Haïti: Mario Benjamin a abordé souvent dans sa peinture « le thème des têtes ». Depuis quelques années, son cheminement artistique l'a conduit à mettre en avant, à travers ses oeuvres, une réalité imaginaire terrifiante en rupture avec le réel empirique. En effet, avec ses têtes présentées sans titre et exposées en 2006, Chez Gérard et en 2008, à la Galerie Monnin l'artiste nous présente un univers délirant et angoissant où Eros et Thanatos, les deux puissances immortelles, se côtoient. Son univers n'est pas sans rappeler celui de Bacon dans son expression de l'angoisse.

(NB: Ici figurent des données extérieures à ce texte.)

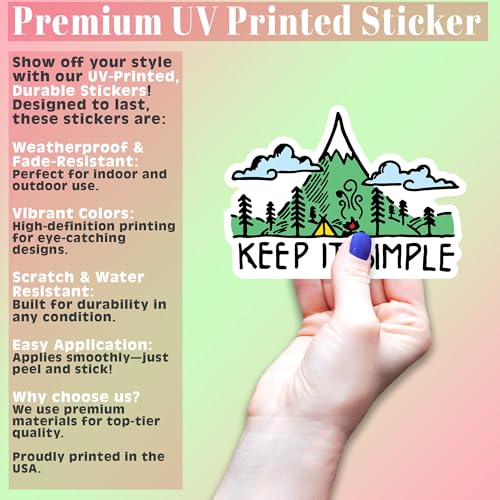 KCD Keep It Simple Mountain Forest Vinyl Decal Sticker | Cars Trucks Vans SUVs Walls Cups Laptops | 5 Inch | Full Color Printed and Laminated | KCD2661 - Image 3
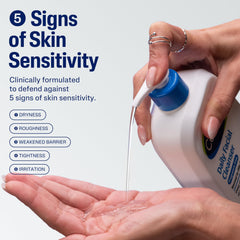 Cetaphil dispensing foamy lather from pump for easy daily use benefit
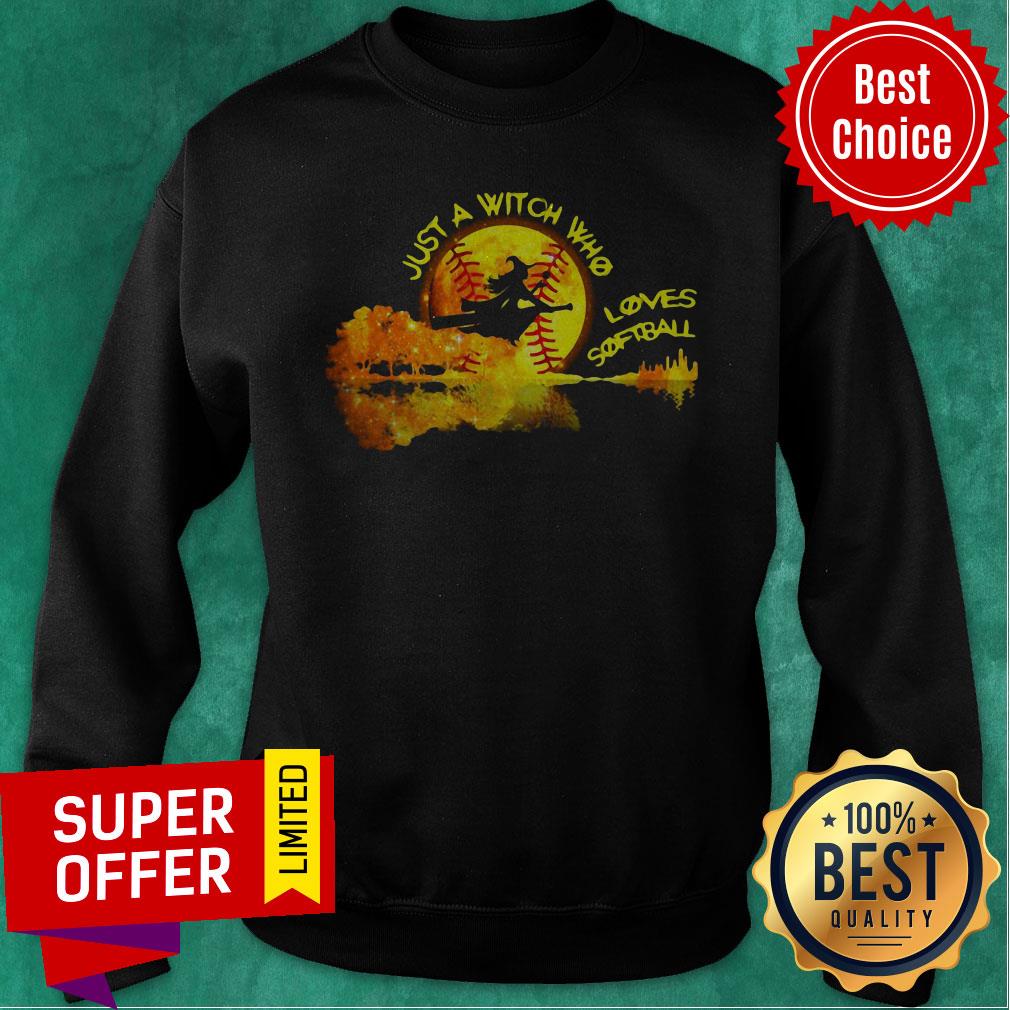 Funny Just A Witch Who Loves Softball Halloween Shirt - Image 2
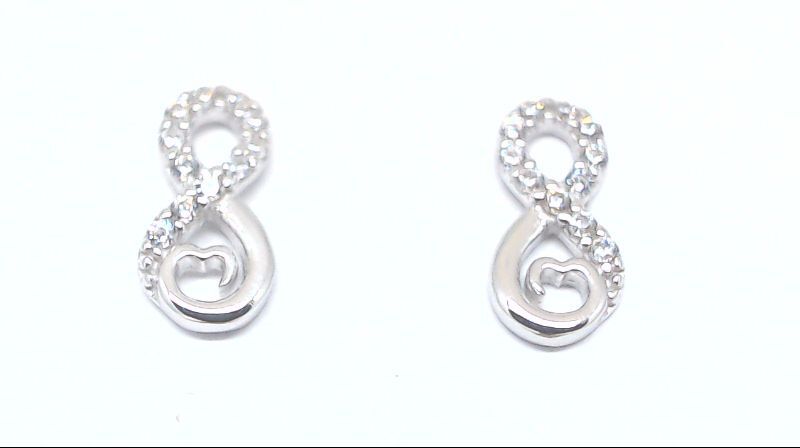 White gold zirconium infinity fixed earrings - EAS-6980-B - Exclusivity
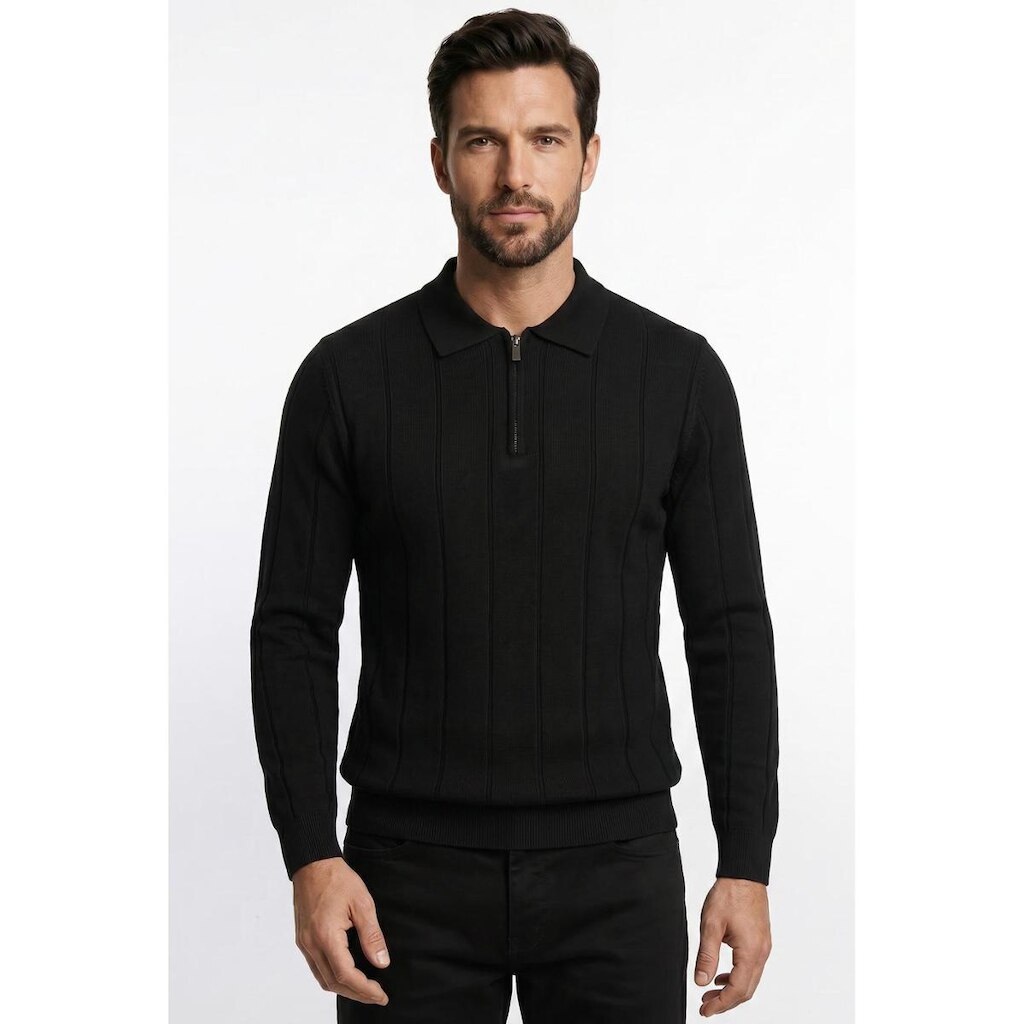 Blusa masculina manga longa gola polo com zíper 69627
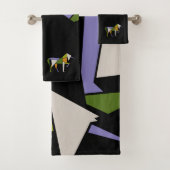 Midcentury Modern Abstract Krachtig Tangram Dier Bad Handdoek (Insitu)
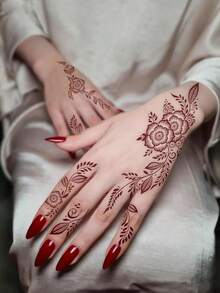 3张月亮花朵图案酒红色临时纹身贴纸 - Manhaiti Design 人体彩绘纹身，适合派对和节日 - 紅色 - 查看 4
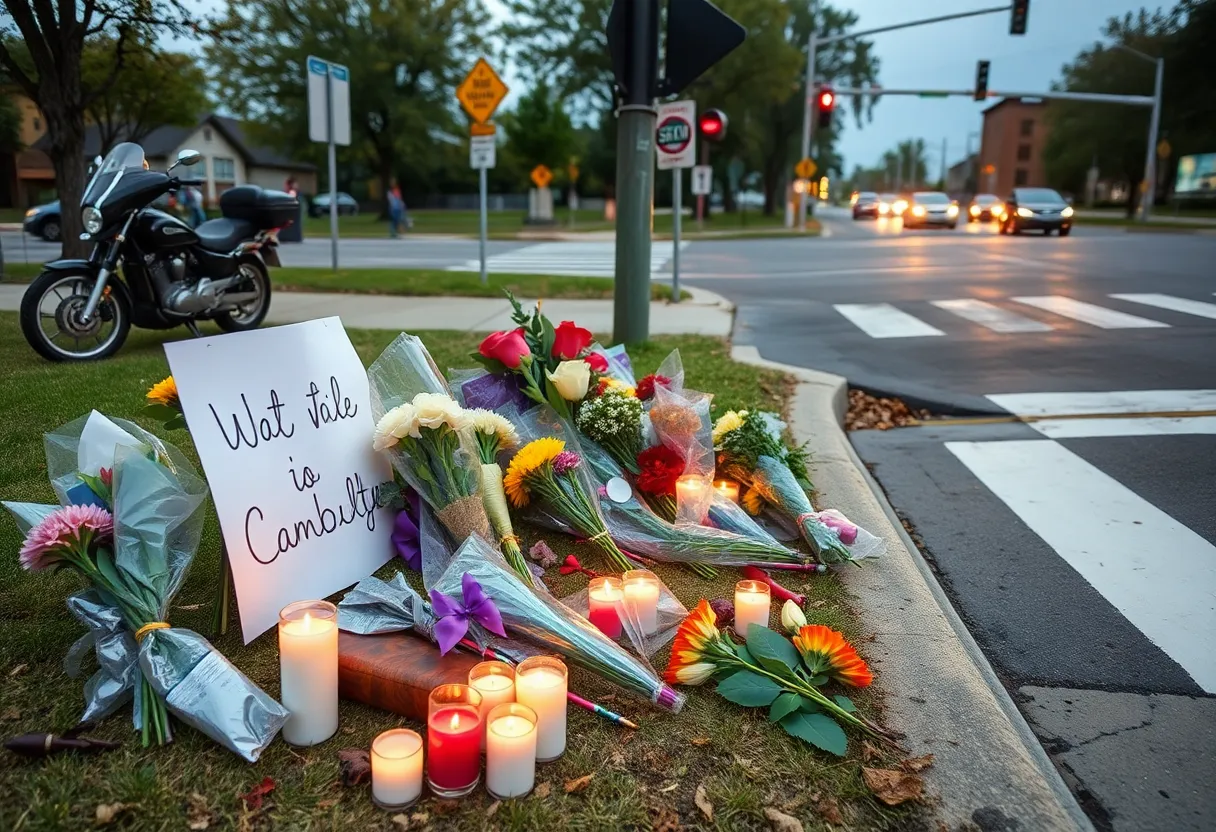 Memorial with candles and flowers for motorcycle accident victim in Baldwin Park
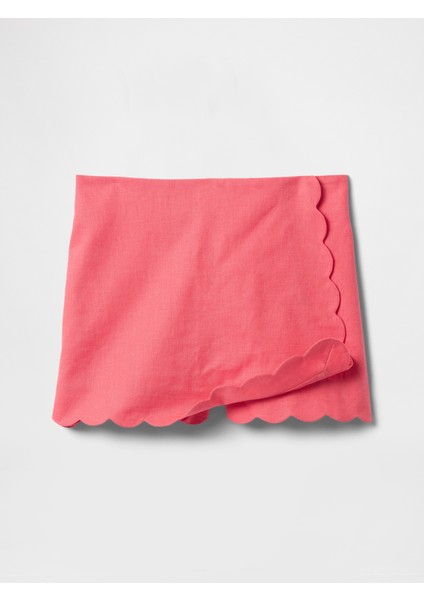 Kız Çocuk Pembe Keten Pamuk Karışımlı Şort fiyatları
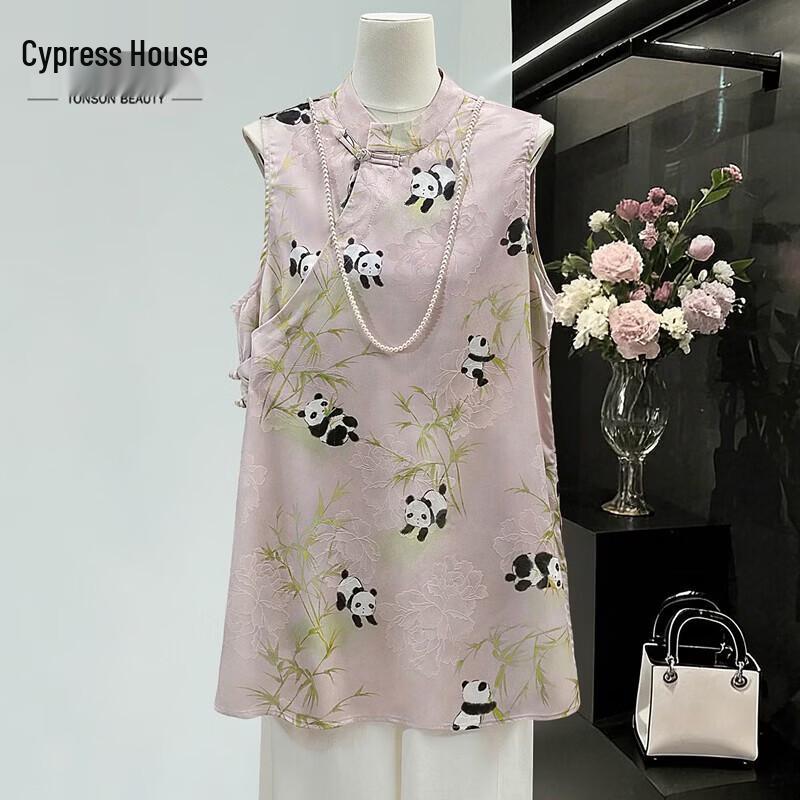 Elegant New Chinese Style Panda Print Sleeveless Blouse L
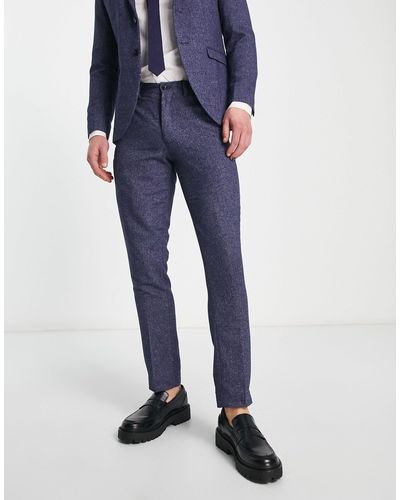 Jack & Jones Premium Super Slim Tweed Suit Trouser - Blue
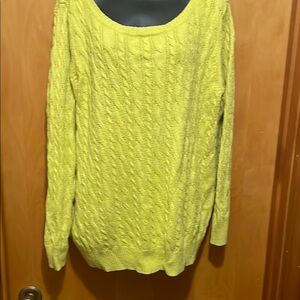 Women's Yellow Cable Knit Sweater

Benjamin nous invite à expérimenter une esthétique nouvelle. Aux antipodes de l'esthétique du beau, son travail se rapproche de l'esthétique de la terreur. Il y apparait un niveau de violence expressive jusqu' ici inexistante dans la peinture haïtienne. Avec ses portraits, l'artiste représente en effet des hommes aux traits déformés et grimaçants et dont les yeux exorbités et les convulsions virulentes laissent penser qu'ils vivent une tragédie atroce. Ils sont sans identité spécifique et ont l'air d'avoir été écorchés vifs, tel Marsyas. Leurs visages semblent se métamorphoser et se décomposer sous l'effet d'un mal interne qui les ronge. Ce sont des personnages qui vivent une lente descente aux enfers.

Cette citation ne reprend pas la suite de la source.